Work required: Taking only the lines of the data below from the line with "Close-up view of" to the line with "Buildings, City, Construction", ends included, write them out exactly and without pictures.

Material provided:

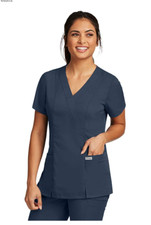 WOMEN Barco Grey ANATOMY SCRUB TOP GRANITE/DARK GREY SIZE XS/ EXTRA SMALL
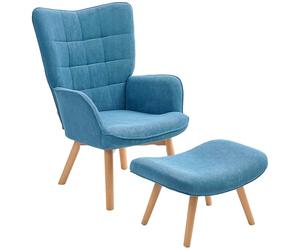 HOMCOM Fauteuil avec Pouf, Fauteuil à Oreilles avec Dossier Haut, Pieds en Bois, Fauteuil Lounge au Design tufté, Aspect Velours côtelé, pour Le Salon, Bleu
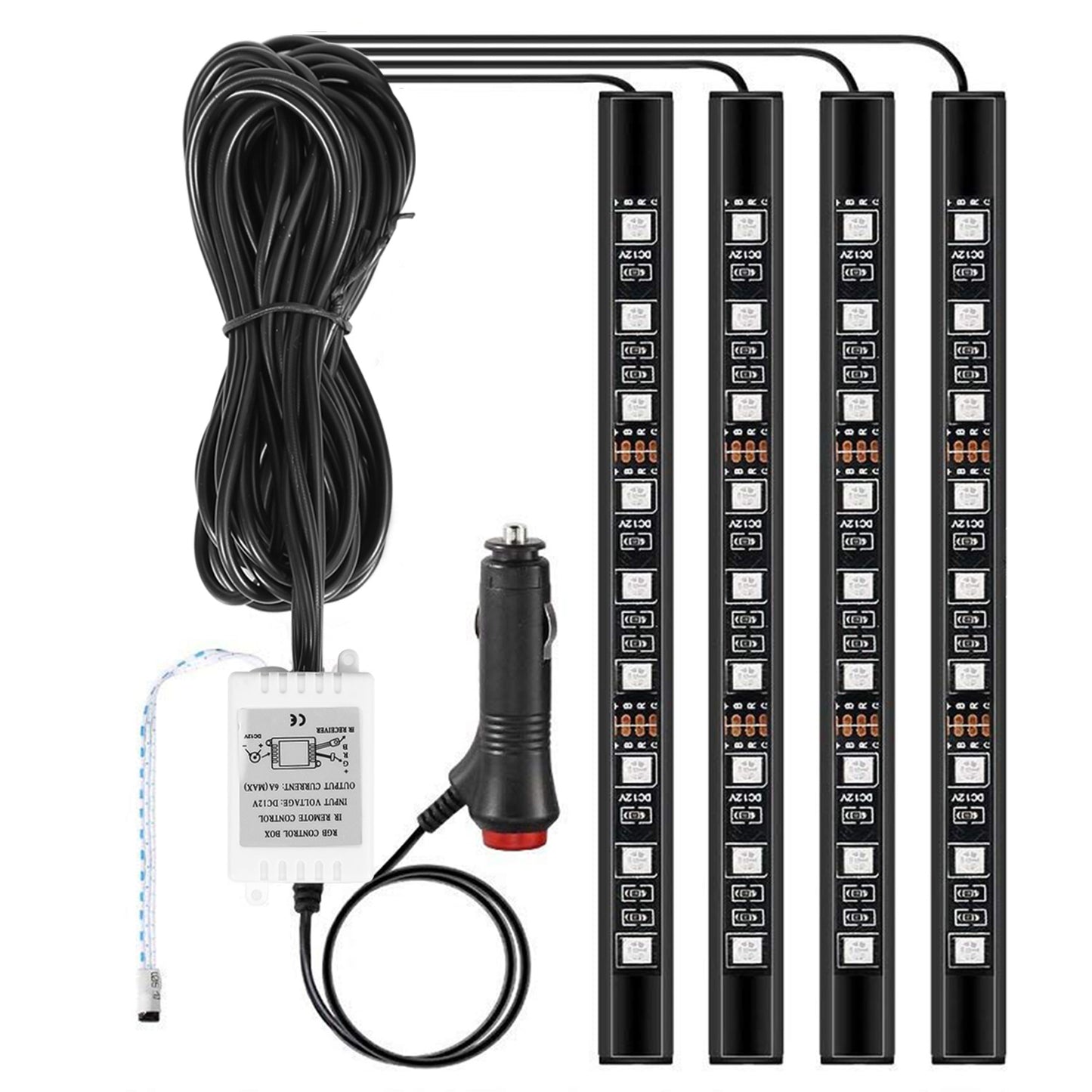 4PCS 36LEDs 12V Car Atmosphere Light Strip IP65 Colorful RGB LED Neon Lights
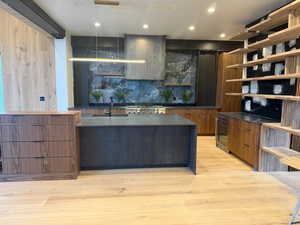 Kitchen featuring open shelves, modern cabinets, backsplash, light wood-style flooring, and beverage cooler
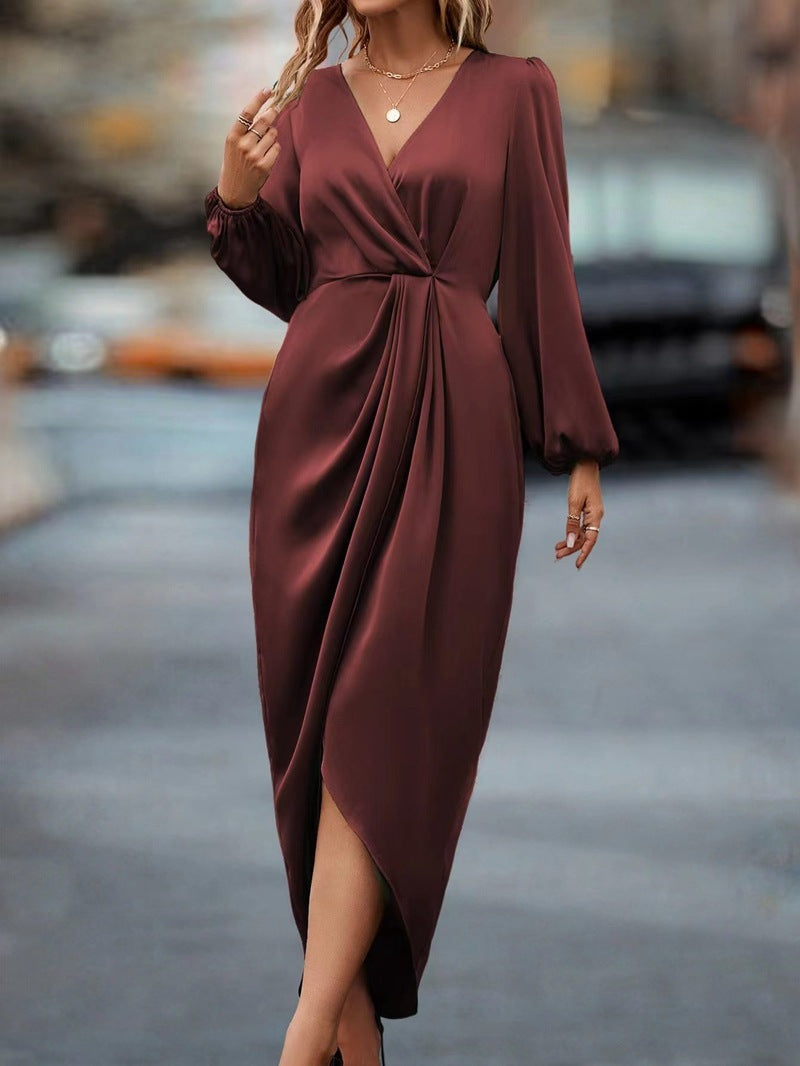 Ivyshape | Wine Red Draped V-Neck Midi Dress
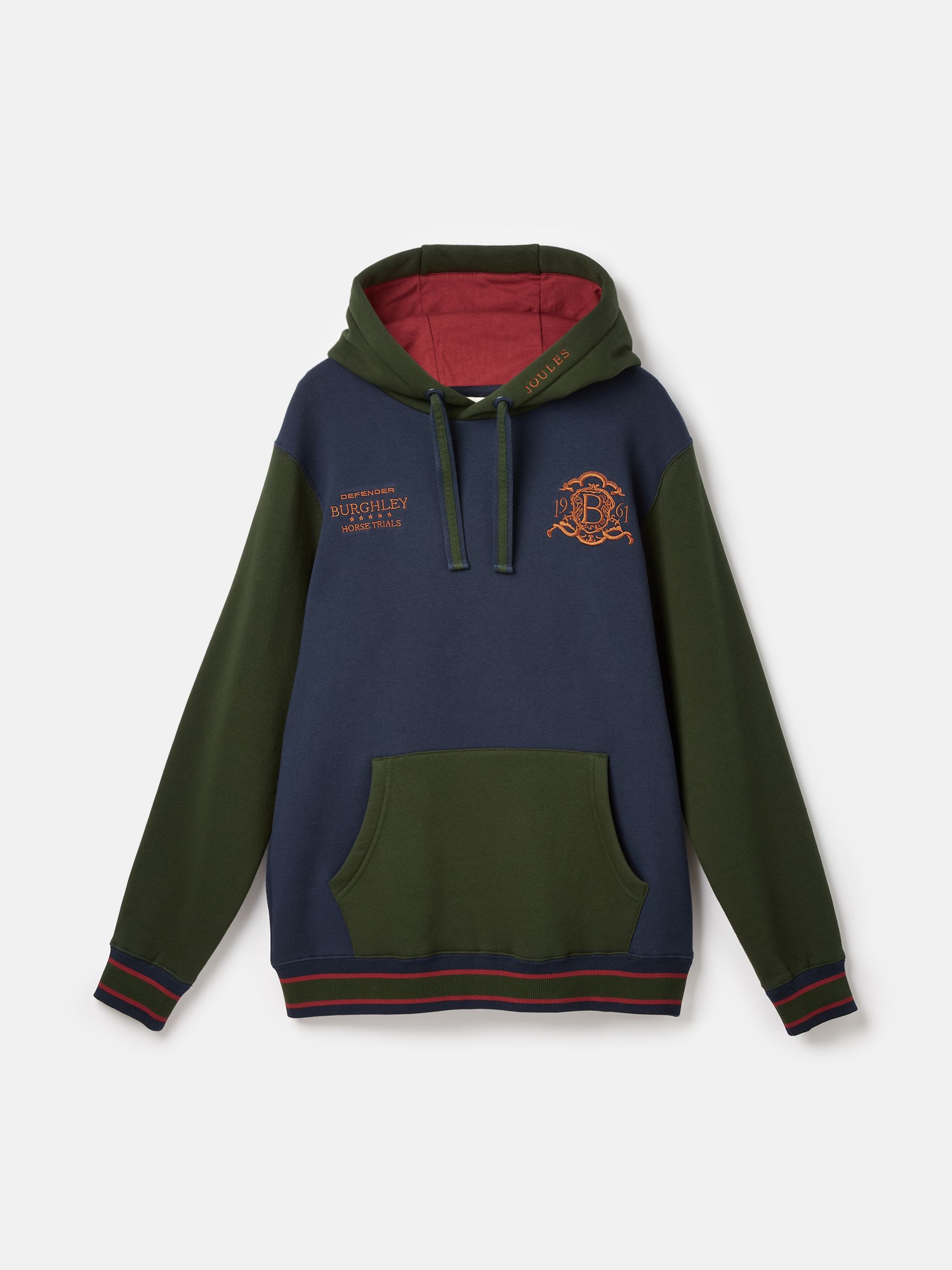 Official Burghley Green/Navy Unisex Colourblock Hoodie | Joules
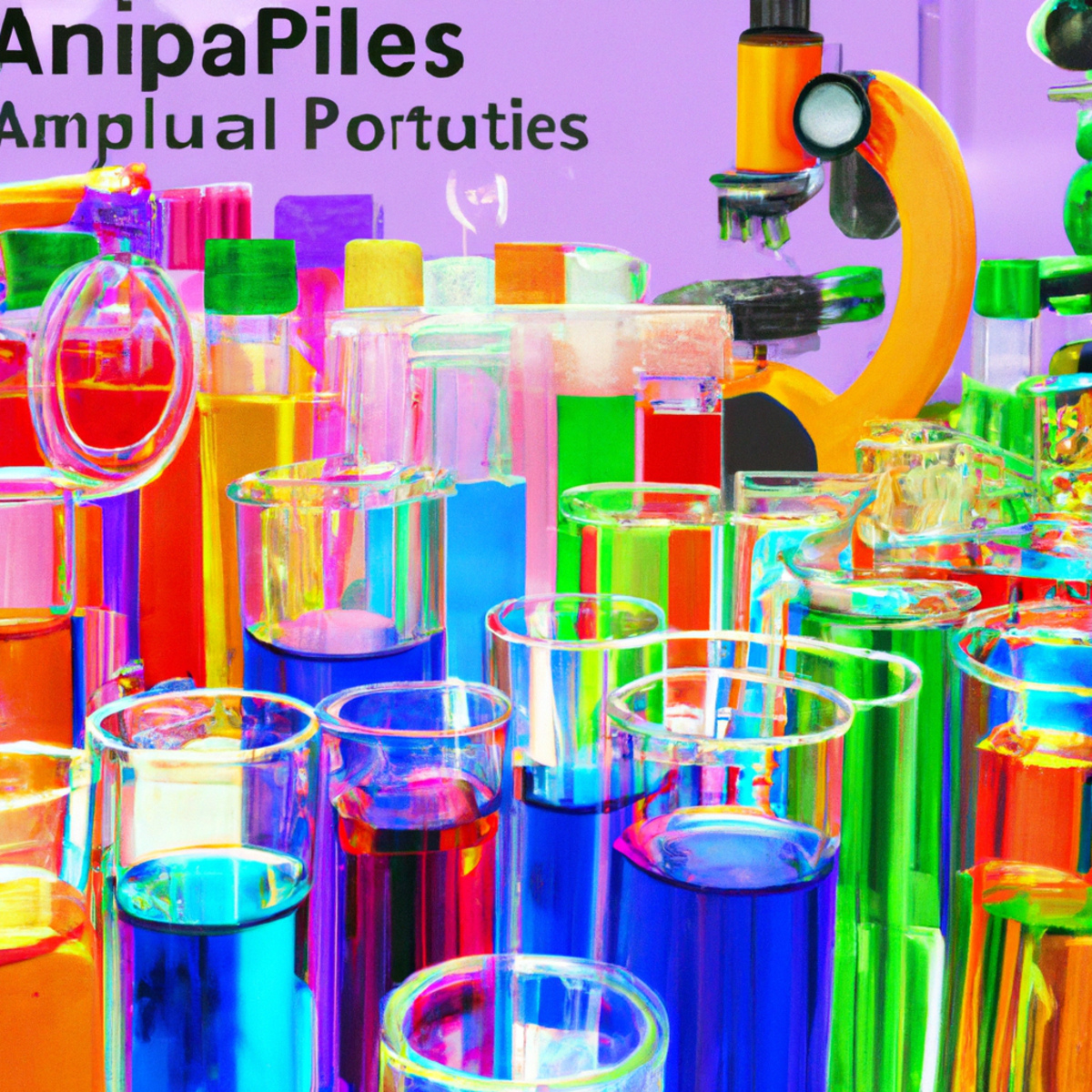 Close-up view of a meticulously arranged laboratory with colorful test tubes, microscopes, and scientific equipment. Symbolizes research on Alpha-1 Antitrypsin Deficiency.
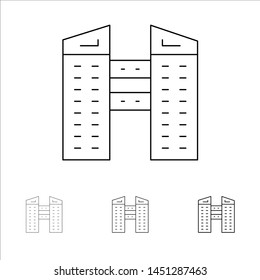 Buildings, City, Construction Bold and thin black line icon set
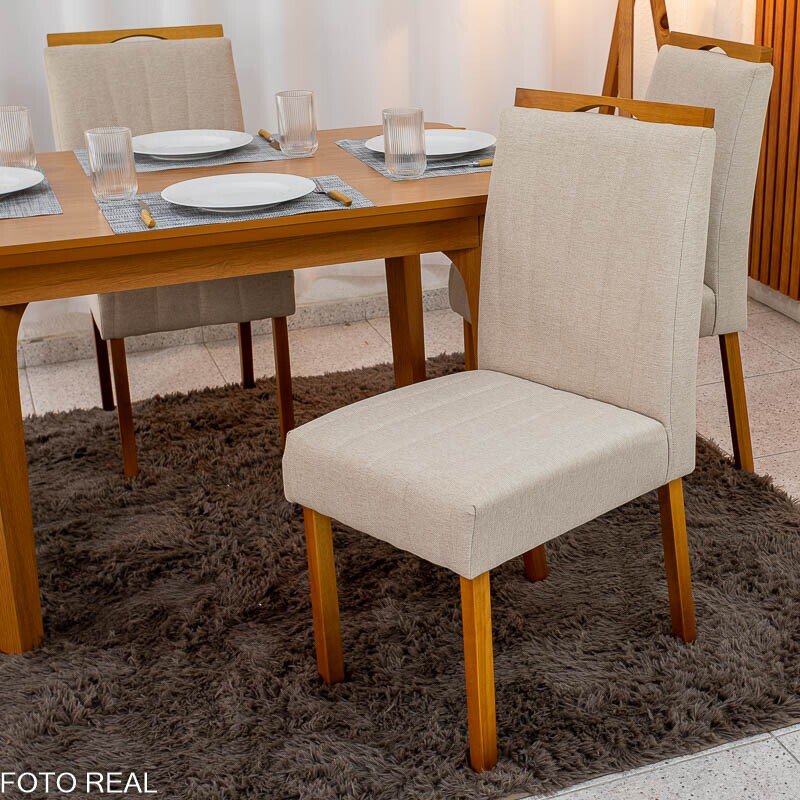 Mesa de Jantar Londrina 120x80 Cinamomo Rufato + 4 Cad. Isabela Linho Bege 01 Madeira - KM Decor - Imagem 5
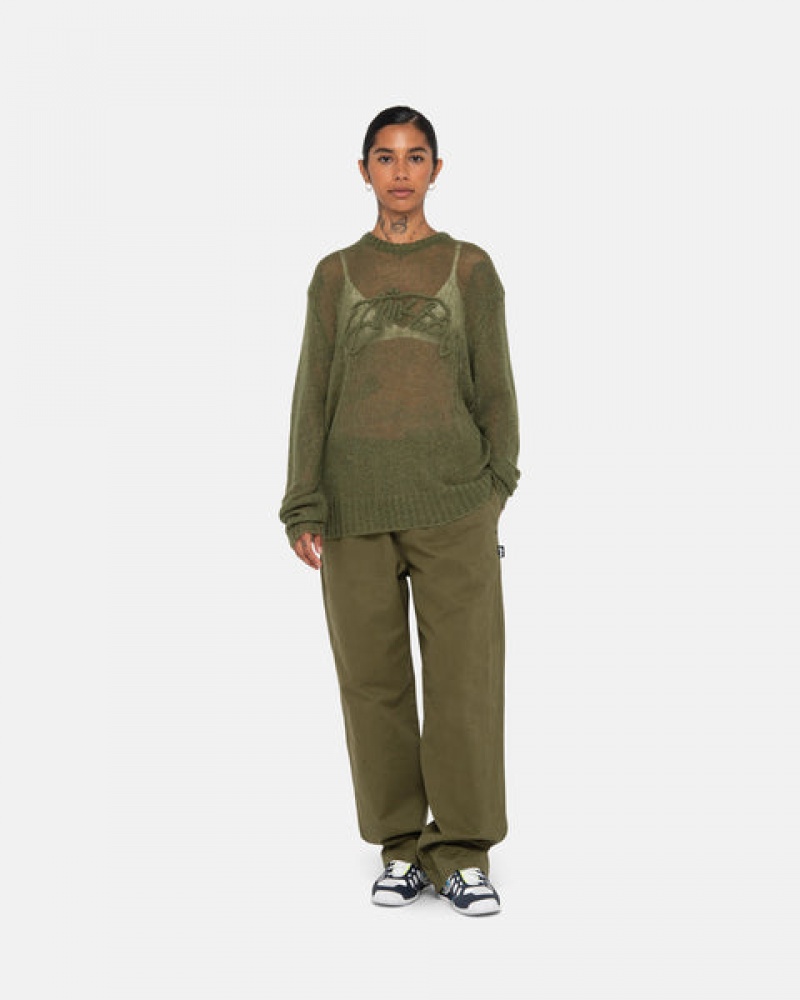 Stussy Beach Pant Brushed Pamuklu Pantolon Kadın Zeytin Yeşili Türkiye | ACI-9999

Your response:
 Close-up view of a meticulously arranged laboratory with colorful test tubes, microscopes, and scientific equipment. Symbolizes research on Alpha-1 Antitrypsin Deficiency.
 Buildings, City, Construction Bold and thin black line icon set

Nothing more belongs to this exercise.